# SNR for the magnitude of a complex signal

The SNR for a complex valued signal is presented by Dilip Sarwate in: https://dsp.stackexchange.com/a/42359

Following the same steps I would like to estimate the SNR for the magnitude of a complex signal. The received sample signal $$y[n]$$ is consisted of the transmitted signal $$x[n]$$ plus noise $$w[n]$$, such as, $$y[n]=x[n]+w[n].$$ Also, it is given that, $$w$$ is AWGN $$\sim CN(0,2\sigma^2_w)$$.

When the received signal is treated as magnitude,

\begin{align} E\{|y[n]|\} &= E\{ |x[n] + w[n]| \} \\ &= E\{ \sqrt{ x^2_I[n] + 2x_I[n]w_I[n] + w^2_I[n] + x^2_Q[n] + 2x_Q[n]w_Q[n] + w^2_Q[n]} \} \end{align}

And this is were I hit a road block (assuming that my math is correct). How can you extract the SNR out of this equation?

Which I don't know if it is solvable since the square rot expands all over the parameters.

Another solution I had in mind is to transfer the signals to FFT and use integrals to compare the two different magnitudes. Does that make more sense?

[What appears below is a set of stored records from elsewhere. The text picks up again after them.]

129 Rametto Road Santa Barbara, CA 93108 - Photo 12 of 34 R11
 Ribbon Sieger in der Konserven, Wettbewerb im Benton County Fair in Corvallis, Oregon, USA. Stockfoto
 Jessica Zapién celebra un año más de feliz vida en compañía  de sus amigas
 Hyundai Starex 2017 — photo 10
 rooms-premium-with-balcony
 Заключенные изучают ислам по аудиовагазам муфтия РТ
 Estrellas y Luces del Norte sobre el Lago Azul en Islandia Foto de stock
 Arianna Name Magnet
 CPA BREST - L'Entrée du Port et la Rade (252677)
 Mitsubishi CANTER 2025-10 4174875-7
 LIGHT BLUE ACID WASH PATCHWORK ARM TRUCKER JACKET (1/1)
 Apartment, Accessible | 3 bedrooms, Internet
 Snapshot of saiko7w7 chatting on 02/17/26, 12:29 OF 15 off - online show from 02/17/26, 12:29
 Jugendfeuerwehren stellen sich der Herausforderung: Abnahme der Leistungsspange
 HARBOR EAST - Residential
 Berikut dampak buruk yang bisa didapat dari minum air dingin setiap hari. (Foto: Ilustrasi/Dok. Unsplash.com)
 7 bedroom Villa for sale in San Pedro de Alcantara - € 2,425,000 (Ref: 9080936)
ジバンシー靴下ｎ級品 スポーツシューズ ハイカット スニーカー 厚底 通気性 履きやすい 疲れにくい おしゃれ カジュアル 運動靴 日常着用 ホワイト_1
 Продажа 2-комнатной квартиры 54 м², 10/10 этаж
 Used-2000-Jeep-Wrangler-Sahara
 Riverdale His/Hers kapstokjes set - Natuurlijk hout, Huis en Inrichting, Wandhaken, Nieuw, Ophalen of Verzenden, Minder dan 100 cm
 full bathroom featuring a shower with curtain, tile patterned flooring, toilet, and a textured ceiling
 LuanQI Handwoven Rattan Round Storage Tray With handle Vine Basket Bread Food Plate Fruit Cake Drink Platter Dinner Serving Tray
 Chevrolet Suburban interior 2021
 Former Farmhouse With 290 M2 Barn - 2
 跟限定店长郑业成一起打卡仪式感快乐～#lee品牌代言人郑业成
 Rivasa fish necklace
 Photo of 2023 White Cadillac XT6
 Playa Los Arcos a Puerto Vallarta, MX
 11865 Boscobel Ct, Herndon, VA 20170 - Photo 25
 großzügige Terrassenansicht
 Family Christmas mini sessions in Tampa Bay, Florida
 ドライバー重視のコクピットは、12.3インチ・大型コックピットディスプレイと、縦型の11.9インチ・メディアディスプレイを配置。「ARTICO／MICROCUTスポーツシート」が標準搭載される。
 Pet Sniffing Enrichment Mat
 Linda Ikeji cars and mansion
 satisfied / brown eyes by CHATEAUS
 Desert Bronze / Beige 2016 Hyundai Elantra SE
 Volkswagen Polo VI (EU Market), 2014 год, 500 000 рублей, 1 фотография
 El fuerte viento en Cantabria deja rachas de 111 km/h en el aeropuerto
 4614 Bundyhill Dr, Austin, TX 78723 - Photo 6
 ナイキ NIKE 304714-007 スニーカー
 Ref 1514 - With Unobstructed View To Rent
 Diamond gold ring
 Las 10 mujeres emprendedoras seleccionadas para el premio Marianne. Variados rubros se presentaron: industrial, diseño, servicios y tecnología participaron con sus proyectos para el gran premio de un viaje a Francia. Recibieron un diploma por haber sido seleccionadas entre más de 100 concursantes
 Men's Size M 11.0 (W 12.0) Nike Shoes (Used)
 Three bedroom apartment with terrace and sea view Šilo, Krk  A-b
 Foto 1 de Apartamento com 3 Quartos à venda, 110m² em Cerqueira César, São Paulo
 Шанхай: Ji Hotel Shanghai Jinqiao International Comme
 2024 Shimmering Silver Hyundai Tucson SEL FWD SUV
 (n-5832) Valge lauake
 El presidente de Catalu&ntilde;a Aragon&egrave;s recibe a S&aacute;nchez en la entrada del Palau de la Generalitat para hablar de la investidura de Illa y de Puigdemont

• I tried to make your derivation slightly more legible. Hope this helps! – Marcus Müller Oct 8 '20 at 8:58
• It certainly helped me: your math isn't correct, sorry. You can't just say "the expectation of the magnitude of a complex value is equal to the square root of the sum of the expectations of the squares of its real and imaginary part", your first equation, when these might be correlated – and usually, $x$ does have a strong correlation between real and imaginary part, and hence, so does your $y$. – Marcus Müller Oct 8 '20 at 9:08
• Thank you very much for making it legible and your feedback. The first line was indeed wrong, I just corrected it. For cases that $x[n]$ is not IQ modulated data, like a carrier wave, the expectations of real and imaginary parts are indeed correlated. The correct approach it would be to say $y[n] = E\{ y[n]y[n]^* \}$, and similarly with $x[n]$ and $w[n]$? – A V Oct 8 '20 at 9:44
• Ok, so I'm confused now. Do you care about $E\{|y|\}$ or $|E\{y\}|$? Because for zero mean $x$ and independent zero mean $w$: $|E\{y\}|\equiv 0$, and I don't think that is what you wanted to know. – Marcus Müller Oct 8 '20 at 9:49
• Other than that, you're very quick at just pulling the expectation operator through operations; you can't do that, unless the operation is actually linear. And neither the square root, nor the square, is. – Marcus Müller Oct 8 '20 at 9:51

The magnitude $$|y[n]|$$ follows a Rice (aka Rician) PDF. You can find analytical expressions for the average, variance and SNR in Voltage Signal-to-Noise Ratio (SNR) Nonlinearity Resulting From Incoherent Summations and in The Squaring-Loss Paradox. These two references further investigate the SNR of the addition of independent magnitudes.